Geochemistry of the mafic xenoliths from the Kinnaur Kailash Granite, Baspa valley, Himachal Pradesh, India

Mafic enclaves occur in a variety of geologic and tectonic settings and play an important role in the crustal evolutionary processes.  The geochemistry of the mafic xenoliths from Baspa valley of Himachal Pradesh, India has been investigated to characterize their protoliths on the basis of immobile elements, especially trace elements including REE.  The mafic xenoliths occur within the Kinnaur Kailash Granite (KKG). They are elongated in shape with commonly 5-10 cm length, although a few of them attain surface dimensions of even 20-100 cm. These xenoliths are fine-grained and massive to foliated, sometimes with thin felsic stringers parallel to layering. Contact between host granite and mafic xenolith is sharp. They are comprised of clinopyroxene, hornblende, plagioclase, quartz, ilmenite, sphene, ±orthopyroxene, ±garnet.  Hornblende constitutes the dominant mineral of the mafic xenoliths, it occurs as a well-developed matrix mineral and as a cleavage-less massive retrograde mineral around clinopyroxene. Mineral chemistry of the hornblende shows that they are of magnesio-hornblende, ferro-hornblende to ferro-tschermakite variety. Orthopyroxene when present occurs as both discrete grains and microscopic needles exsolved parallel to prismatic cleavage of the clinopyroxene host. Garnetiferrous mafic xenoliths display coronae of garnet around plagioclase and clinopyroxene, and of sphene around ilmenite. The most common retrograde mineral is hornblende, retrogression is distinctly observed as corona textures such as, garnet around clinopyroxene and/or plagioclase, sphene around ilmenite, and hornblende around clinopyroxene.
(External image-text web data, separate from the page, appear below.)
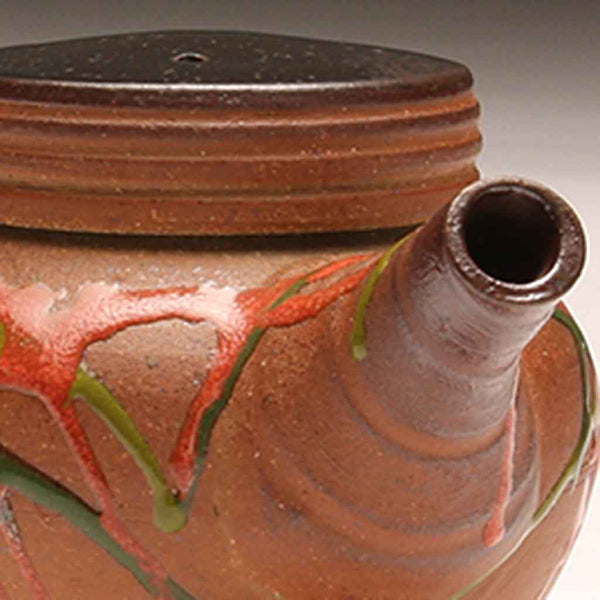 GH286 Woodfired Carnival Teapot with Black Cap-style lid
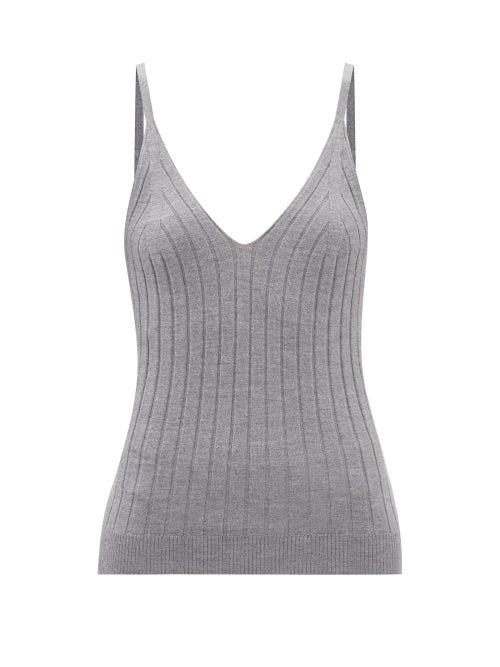Lisa Yang - Cleo V-neck Cashmere Cami Top - Womens - Grey
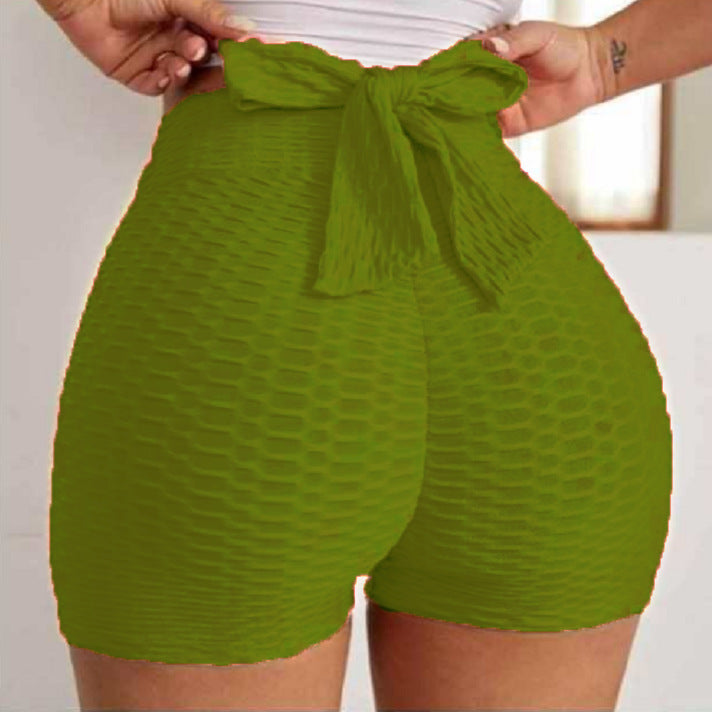 Jacquard Tie-Waist Yoga Bubble Shorts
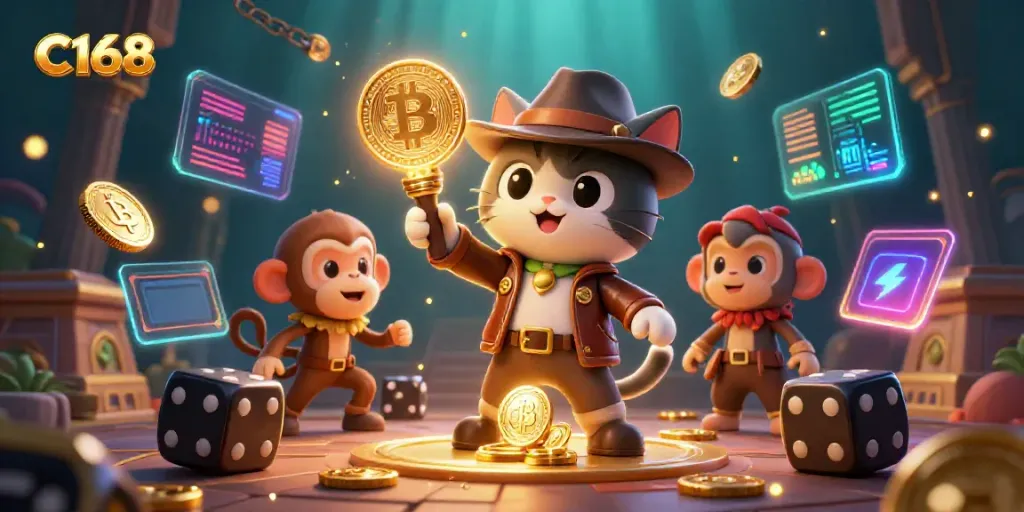 C168 players uncover hidden treasures in a dynamic casino adventure scene.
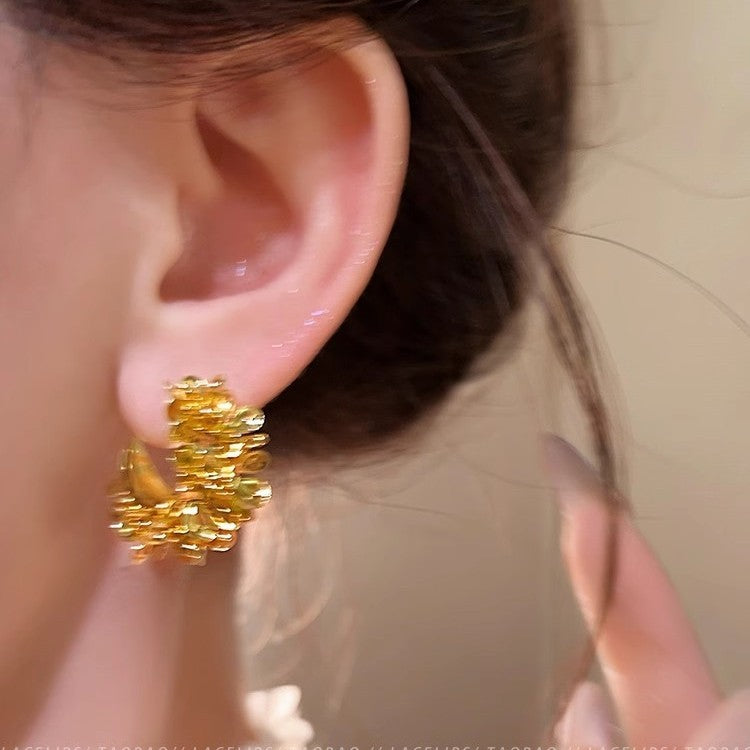 Wholesale Flower Golden C- shaped Earrings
Their geochemistry show that they have tholeiitic nature with basaltic composition. Compositionally, they range from ‘depleted’ to ‘enriched’ MORB as observed on the binary diagrams of Ti vs V and Zr vs Ti and on ternary diagrams of Zr-Ti-Y and Th-Zr-N.  Likewise, they match with various enriched or ‘transitional’ MORB types as evident from their Zr vs Nb binary plot. Their enriched character when compared with N-MORB, E-MORB and OIB rocks on chondrite and primordial mantle normalized plots reveals that it is intermediate to that of E-MORB and OIB. The geochemistry of the rocks suggest that the enriched components are probably derived by melting of a mantle source with E-MORB or OIB rather than due to the crustal contamination. The study carried out emphasize that the mafic xenoliths have developed in rift environment, and that they are not volcanic rocks of island arc related to subduction tectonics. It is visualized that the mafic xenoliths were formed as cumulate rocks from the tholeiitic magmas that were rising to lower crust levels in a rift environment, which at a later stage got entrapped as restitic material in the host Kinnaur Kailash Granite formed in a collision environment, and propose a change of regime from rift related to collision environment prior to Palaeozoic period.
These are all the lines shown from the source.